I am going to set everything up the way a pro would so that way we have a level playing field. For this we are going to go into our project settings and choose DaVinci YRGB Color Managed and DaVinci Wide Gamut.

Now when we hit save, nothing happens, so what we are going to do is right click on the clip, change the input color space to the color space of choice (in our case here it’s REDWideGamutRGB/Log3G10.

Just like that, we have a properly converted log to rec.709 image. Now a beginner would probably not know all of this, but I’m trying to level the playing field a bit and give them the benefit of the doubt.

        The biggest mistake that beginners make is that they don’t have a proper node tree structure. First thing the beginner would do is start with exposure using the primaries. They would bring the lift down, then bring the gain up.

        Now they would add another node and just go straight into creating the look. They would bring the lift down to the teal color, then raise the gain up to that orange.

Now this may look a lot different and cool that this came from a rookie, but this is completely wrong and I will show you why with the professional way now.

        I am going to start off by creating and structuring a node tree.

        Now in my primaries node I am going to start off by bringing down my offset a bit. Then I am going to juice it up with my contrast.

        Now moving to our printer lights, we need to analyze the image. What do we need to do? There is too much magenta, so we will add some green. Then we want to add some red.

Just like that we were able to balance our image right out of the gate. That’s the power of printer lights. A pro would go ahead and balance their image before creating a look.

Now we are going to move into our teal and orange node. We will use our lift, gamma and gain like the beginner but do it the right way. So to start off, we are going to use our lift to pull in that teal. Then instead of using my gain, I will use my gamma to subtract that and add the orange.

Now this is not terribly far off from the beginner grade, but that’s why I have the teal and orange corrector node.

A quick note to know before doing this, you need to focus on your anchors. These are blacks, whites, and skin tones. If you can keep these all relatively true, that’s a successful grade. The look can be sold if you keep your anchors correct.

In this node, we are going to use our log wheels. In our shadow wheel, we are going to remove the green that we are getting in his hair. Then I am going to use my midtone to add orange into his skin.

        Now I want to go under my look adjustment and give our look a bit more juice. I am going to use my lift to pull it down.

        Now moving onto our next node, we are going to add glow. Then we are going to change our composite mode to softlight, then bring our threshold and spread all the way back, then blend it in.

        Now I am going to move into our highlights node and use our luminance qualifier to select the highlights.

Now that I have that selected I am going to use my highlight slider and drop the highlights.

        Now it does need a bit more pop, so moving back into my look adjustment node I am going to take my editable splines in my curves and give the image that pop it needs.

        Now if you want to see a more extreme teal and orange, I can do that. I will go back into my teal and orange node and take my lift more towards that teal.

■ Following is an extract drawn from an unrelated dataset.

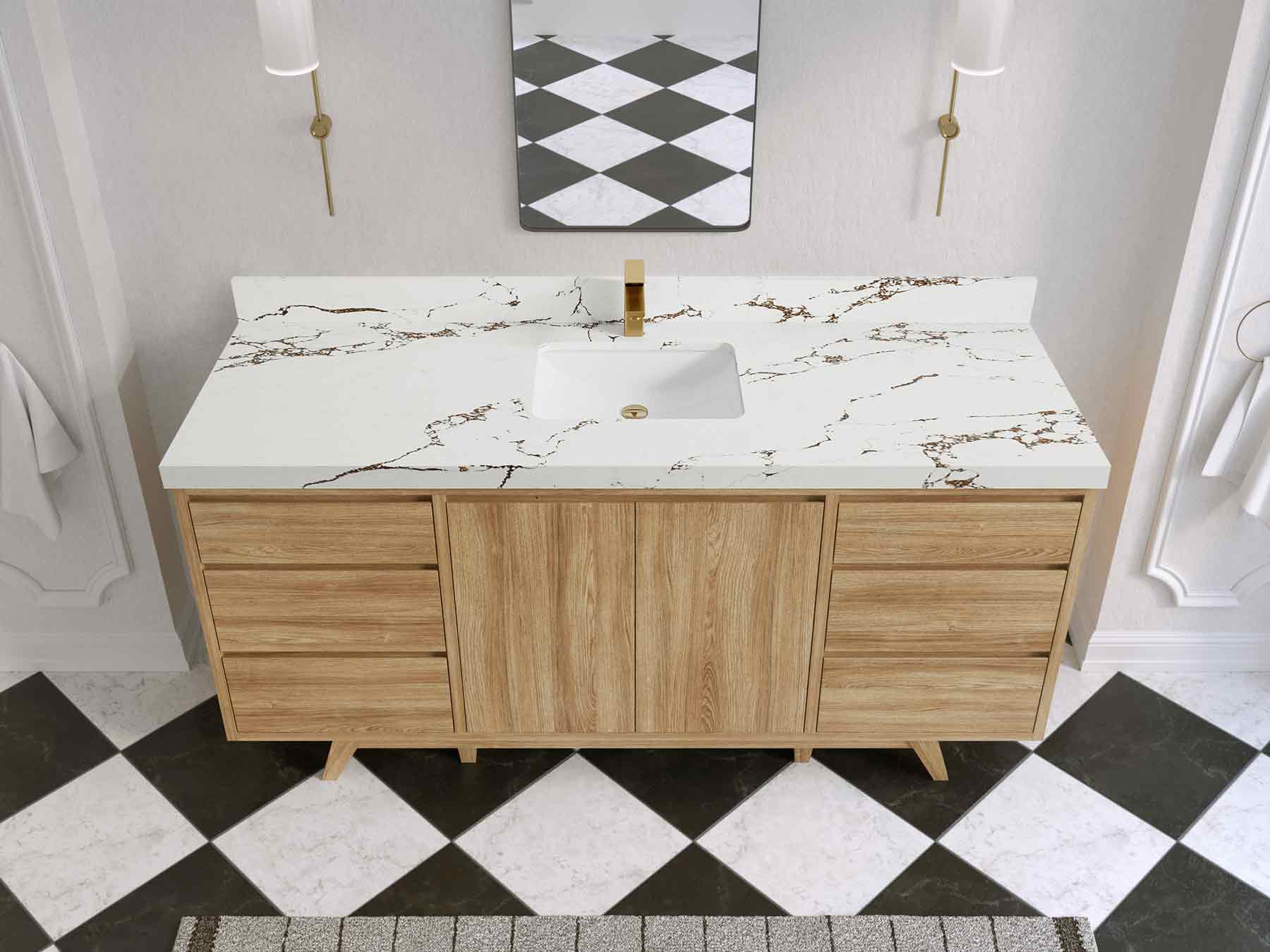 Madison Teak Wood 72 in. W x 22 in. D Single Sink Bathroom Vanity - Willow Bath and Vanity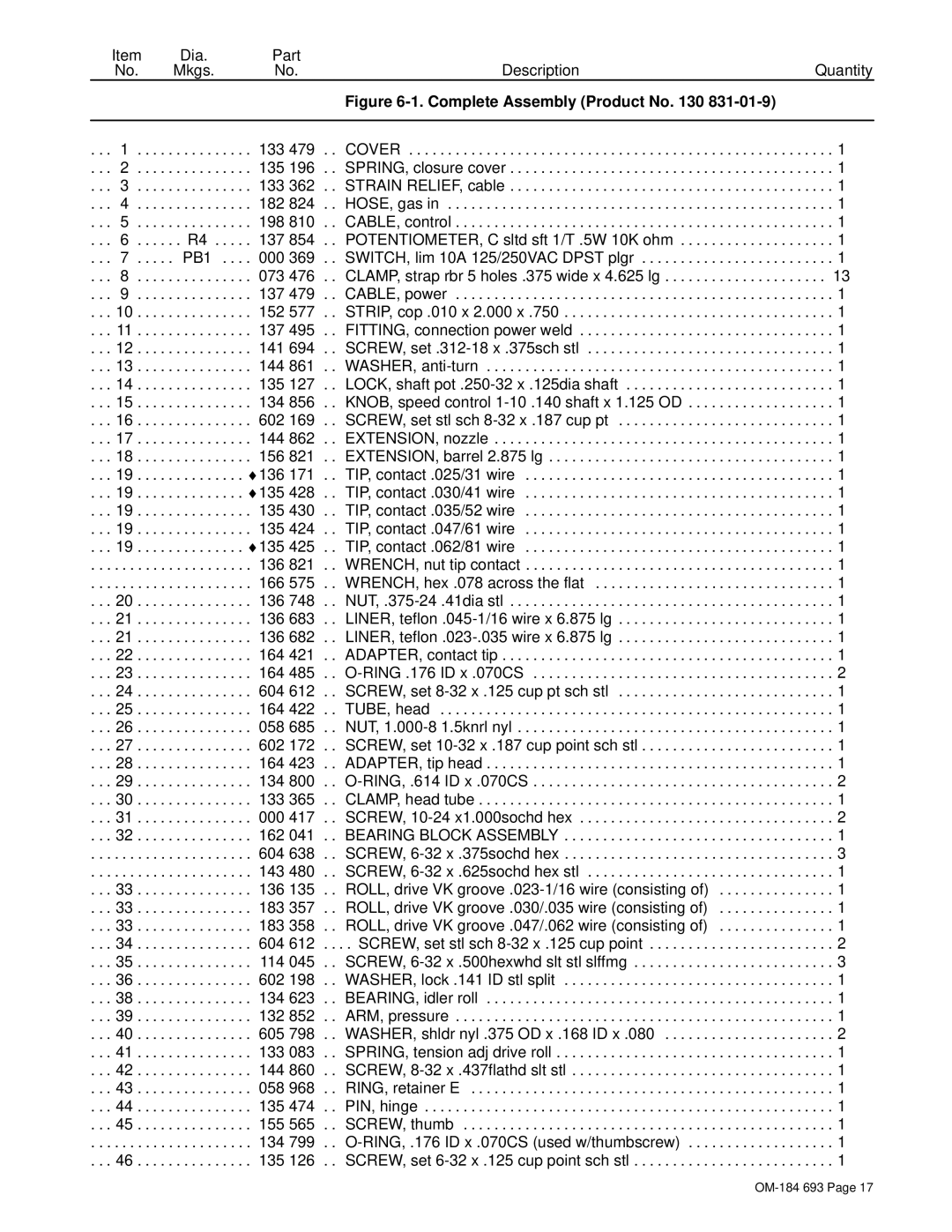 Hobart Welding Products OM-184 693C manual Complete Assembly Product No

        Now I have to go back into my teal and orange corrector and pull my green out in the shadow log wheel.

        Now to me, this is looking good. However we can pull some yellow into it by dropping our gain highlight bar down.

Then we can go into our curves and pull our red and yellow saturation down in our hue vs saturation.

Just look how clean this is. You can really save this as a powergrade and slap it on anything.

        Now we are going to add some grain using 16mm archival print as our preset.

There we go. We’ve got this awesome teal and orange look. Our anchors are sitting perfectly and it is a very mature look. Now let’s check these out in full screen.

As you can see there are so many different variations in this teal and orange world. Once you do it right, you can start playing around with it. Again, you really need to learn how to structure a node tree properly. But with that, work hard, get obsessed, and stay possessed.